**WHAT YOU ARE ASKED TO DO:**
Retype, word for word, each line between the lines holding "Prato em porcelana — Não identificado" and "新車外し！24年★三菱 デリカ D:5", inclusive, and leave the rest of the data alone.
___ DATA EXTRACTS ___
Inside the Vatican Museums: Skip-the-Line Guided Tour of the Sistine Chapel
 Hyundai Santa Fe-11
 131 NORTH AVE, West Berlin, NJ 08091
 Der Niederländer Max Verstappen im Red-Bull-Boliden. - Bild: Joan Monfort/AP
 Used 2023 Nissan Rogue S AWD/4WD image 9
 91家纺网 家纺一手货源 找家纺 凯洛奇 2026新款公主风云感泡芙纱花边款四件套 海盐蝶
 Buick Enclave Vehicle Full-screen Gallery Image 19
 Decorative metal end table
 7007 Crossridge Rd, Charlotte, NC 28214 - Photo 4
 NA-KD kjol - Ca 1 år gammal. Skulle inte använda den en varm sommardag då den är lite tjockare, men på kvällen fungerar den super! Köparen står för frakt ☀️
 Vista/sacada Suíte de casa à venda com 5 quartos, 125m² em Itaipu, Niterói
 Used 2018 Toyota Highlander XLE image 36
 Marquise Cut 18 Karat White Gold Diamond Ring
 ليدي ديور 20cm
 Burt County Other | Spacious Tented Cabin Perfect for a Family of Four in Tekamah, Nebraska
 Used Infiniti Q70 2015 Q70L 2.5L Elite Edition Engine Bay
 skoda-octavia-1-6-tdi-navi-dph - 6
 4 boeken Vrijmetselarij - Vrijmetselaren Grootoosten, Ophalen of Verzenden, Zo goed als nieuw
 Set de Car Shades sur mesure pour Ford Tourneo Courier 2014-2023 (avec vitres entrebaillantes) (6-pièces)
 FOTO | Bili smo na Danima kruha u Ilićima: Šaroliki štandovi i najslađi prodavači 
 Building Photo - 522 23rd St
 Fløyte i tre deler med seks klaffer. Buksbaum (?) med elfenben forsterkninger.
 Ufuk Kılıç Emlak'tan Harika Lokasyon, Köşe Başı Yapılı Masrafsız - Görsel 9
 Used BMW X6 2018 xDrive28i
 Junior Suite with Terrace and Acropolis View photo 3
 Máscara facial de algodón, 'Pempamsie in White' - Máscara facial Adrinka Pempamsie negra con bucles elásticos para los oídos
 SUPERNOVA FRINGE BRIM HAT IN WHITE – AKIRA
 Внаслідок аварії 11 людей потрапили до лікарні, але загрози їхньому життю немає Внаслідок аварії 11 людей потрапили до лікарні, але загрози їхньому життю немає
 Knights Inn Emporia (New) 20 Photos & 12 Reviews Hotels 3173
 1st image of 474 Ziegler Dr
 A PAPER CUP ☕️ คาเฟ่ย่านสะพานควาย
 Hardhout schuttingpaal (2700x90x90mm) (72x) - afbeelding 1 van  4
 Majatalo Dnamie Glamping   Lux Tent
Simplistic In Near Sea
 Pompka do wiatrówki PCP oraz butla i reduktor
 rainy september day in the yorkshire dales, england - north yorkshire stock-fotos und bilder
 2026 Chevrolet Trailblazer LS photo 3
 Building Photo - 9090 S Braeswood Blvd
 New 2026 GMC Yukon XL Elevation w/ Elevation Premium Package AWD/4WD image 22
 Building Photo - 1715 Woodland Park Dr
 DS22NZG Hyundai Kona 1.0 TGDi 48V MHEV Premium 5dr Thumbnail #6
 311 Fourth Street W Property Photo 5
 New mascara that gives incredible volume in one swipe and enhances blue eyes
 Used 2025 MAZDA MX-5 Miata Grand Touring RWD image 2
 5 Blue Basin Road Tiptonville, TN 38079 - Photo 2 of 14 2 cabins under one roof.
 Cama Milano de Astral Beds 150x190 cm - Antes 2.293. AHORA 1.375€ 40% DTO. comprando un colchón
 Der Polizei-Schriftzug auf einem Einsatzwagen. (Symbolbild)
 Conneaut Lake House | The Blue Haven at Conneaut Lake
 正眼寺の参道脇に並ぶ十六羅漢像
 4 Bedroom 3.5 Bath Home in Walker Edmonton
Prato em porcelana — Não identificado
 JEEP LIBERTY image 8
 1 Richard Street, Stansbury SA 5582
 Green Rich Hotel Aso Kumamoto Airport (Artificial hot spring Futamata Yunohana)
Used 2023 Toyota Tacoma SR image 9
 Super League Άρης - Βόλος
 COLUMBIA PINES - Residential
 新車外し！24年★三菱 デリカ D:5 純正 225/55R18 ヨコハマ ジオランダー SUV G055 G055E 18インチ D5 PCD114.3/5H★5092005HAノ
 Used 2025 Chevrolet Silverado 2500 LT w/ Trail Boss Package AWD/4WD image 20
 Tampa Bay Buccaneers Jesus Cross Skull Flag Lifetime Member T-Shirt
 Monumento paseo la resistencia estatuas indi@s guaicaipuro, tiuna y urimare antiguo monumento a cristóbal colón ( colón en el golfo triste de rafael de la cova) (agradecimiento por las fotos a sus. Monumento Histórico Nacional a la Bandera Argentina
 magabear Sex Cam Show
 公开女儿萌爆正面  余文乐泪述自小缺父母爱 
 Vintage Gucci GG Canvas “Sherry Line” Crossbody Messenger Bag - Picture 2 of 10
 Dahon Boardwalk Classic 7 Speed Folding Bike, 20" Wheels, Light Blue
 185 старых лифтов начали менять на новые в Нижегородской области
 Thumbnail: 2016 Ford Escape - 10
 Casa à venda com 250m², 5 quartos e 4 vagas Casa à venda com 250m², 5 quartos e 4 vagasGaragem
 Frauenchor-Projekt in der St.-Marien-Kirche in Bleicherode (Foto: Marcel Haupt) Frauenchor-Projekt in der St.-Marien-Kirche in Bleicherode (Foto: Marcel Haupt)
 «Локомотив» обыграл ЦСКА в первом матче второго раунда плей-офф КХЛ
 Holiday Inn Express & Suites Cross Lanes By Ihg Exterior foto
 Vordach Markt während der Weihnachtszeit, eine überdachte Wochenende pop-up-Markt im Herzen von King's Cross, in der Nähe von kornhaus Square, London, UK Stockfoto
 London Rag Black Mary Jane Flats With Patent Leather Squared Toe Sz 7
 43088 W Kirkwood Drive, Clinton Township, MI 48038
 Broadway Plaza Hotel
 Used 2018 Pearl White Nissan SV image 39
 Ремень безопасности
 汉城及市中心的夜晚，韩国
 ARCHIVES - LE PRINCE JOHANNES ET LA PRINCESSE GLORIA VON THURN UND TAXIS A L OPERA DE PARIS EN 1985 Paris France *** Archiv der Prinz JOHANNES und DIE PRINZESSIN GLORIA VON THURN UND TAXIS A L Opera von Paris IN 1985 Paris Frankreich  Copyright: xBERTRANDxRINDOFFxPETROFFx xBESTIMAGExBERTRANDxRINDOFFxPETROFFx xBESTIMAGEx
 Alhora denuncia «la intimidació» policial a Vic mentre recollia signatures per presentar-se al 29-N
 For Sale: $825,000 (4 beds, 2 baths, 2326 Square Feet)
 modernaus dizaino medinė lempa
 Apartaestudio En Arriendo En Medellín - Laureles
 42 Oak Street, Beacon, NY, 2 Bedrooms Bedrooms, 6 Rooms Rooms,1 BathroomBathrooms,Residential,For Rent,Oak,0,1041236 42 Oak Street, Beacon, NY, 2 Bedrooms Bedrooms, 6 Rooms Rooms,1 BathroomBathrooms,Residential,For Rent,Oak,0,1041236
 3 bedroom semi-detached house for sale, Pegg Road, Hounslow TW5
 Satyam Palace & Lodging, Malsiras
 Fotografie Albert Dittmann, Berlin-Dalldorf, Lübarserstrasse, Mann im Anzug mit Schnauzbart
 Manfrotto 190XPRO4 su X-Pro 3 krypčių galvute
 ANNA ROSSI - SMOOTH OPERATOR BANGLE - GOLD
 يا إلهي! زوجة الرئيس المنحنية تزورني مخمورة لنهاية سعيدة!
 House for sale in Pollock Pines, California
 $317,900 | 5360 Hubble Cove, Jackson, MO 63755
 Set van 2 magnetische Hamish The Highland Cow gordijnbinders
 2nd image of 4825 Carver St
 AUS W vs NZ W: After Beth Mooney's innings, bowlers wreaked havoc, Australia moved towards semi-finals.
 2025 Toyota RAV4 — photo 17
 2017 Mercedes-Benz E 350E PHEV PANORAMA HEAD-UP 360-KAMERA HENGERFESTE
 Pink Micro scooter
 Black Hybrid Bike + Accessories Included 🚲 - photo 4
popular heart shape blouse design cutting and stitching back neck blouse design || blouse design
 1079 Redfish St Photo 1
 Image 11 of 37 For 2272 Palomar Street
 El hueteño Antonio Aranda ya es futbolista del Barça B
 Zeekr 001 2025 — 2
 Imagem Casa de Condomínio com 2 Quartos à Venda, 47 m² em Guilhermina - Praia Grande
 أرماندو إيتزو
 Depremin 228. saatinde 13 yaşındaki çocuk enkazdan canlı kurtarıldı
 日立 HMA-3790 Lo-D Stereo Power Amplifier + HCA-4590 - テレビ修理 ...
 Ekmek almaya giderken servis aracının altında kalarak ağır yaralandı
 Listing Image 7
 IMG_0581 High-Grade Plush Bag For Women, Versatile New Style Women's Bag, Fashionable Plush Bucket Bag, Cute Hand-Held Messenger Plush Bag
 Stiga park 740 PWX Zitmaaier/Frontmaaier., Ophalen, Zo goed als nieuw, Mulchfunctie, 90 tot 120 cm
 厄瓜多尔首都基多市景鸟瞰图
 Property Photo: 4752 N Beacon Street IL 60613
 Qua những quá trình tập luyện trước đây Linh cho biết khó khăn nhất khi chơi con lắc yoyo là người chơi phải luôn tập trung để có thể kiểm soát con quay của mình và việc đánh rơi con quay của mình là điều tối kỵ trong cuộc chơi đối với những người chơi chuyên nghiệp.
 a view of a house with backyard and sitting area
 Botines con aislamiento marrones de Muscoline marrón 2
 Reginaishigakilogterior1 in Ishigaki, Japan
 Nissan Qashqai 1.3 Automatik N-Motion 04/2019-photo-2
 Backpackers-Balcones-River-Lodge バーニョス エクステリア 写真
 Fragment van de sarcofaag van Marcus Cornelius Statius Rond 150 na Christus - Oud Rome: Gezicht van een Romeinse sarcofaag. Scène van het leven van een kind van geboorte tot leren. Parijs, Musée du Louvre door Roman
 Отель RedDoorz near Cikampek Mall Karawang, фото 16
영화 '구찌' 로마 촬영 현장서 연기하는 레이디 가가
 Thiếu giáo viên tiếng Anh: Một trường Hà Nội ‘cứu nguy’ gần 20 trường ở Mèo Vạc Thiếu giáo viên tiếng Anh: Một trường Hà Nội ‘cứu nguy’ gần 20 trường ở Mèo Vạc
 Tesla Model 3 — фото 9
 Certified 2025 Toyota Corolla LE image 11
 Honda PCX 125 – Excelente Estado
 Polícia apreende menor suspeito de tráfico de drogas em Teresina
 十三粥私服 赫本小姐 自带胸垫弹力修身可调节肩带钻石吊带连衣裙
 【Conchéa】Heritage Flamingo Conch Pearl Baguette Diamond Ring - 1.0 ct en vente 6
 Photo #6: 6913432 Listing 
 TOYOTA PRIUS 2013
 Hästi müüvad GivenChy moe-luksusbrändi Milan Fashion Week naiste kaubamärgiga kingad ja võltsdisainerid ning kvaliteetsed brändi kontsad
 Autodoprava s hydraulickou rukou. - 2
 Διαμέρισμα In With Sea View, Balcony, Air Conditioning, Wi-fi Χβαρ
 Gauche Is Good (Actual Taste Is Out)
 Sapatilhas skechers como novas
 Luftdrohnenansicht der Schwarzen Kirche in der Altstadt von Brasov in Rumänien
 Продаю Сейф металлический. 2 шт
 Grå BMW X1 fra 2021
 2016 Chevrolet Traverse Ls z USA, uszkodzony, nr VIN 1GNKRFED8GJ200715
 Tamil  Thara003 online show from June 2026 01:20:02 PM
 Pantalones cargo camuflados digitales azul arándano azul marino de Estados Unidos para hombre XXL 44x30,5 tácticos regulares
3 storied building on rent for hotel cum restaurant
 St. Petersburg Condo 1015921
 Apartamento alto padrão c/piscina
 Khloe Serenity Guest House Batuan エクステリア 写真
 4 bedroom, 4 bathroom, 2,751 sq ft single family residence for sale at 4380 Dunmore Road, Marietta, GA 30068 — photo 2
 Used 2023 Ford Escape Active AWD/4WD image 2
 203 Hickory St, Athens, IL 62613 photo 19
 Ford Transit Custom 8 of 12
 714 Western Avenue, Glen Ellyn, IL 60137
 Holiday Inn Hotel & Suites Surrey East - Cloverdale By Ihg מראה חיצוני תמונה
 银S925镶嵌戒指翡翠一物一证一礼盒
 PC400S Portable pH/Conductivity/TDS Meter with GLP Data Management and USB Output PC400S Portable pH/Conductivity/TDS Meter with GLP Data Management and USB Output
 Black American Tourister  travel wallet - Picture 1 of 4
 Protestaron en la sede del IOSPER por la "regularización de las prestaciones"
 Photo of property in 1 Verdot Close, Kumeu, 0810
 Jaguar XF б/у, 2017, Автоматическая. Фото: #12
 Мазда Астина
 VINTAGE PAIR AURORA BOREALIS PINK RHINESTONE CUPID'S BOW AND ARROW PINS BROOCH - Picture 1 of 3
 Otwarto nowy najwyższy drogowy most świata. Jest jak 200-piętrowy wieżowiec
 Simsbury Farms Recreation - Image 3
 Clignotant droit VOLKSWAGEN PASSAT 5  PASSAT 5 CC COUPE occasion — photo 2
___
**TASK SOLUTION:**
Prato em porcelana — Não identificado
 JEEP LIBERTY image 8
 1 Richard Street, Stansbury SA 5582
 Green Rich Hotel Aso Kumamoto Airport (Artificial hot spring Futamata Yunohana)
Used 2023 Toyota Tacoma SR image 9
 Super League Άρης - Βόλος
 COLUMBIA PINES - Residential
 新車外し！24年★三菱 デリカ D:5 純正 225/55R18 ヨコハマ ジオランダー SUV G055 G055E 18インチ D5 PCD114.3/5H★5092005HAノ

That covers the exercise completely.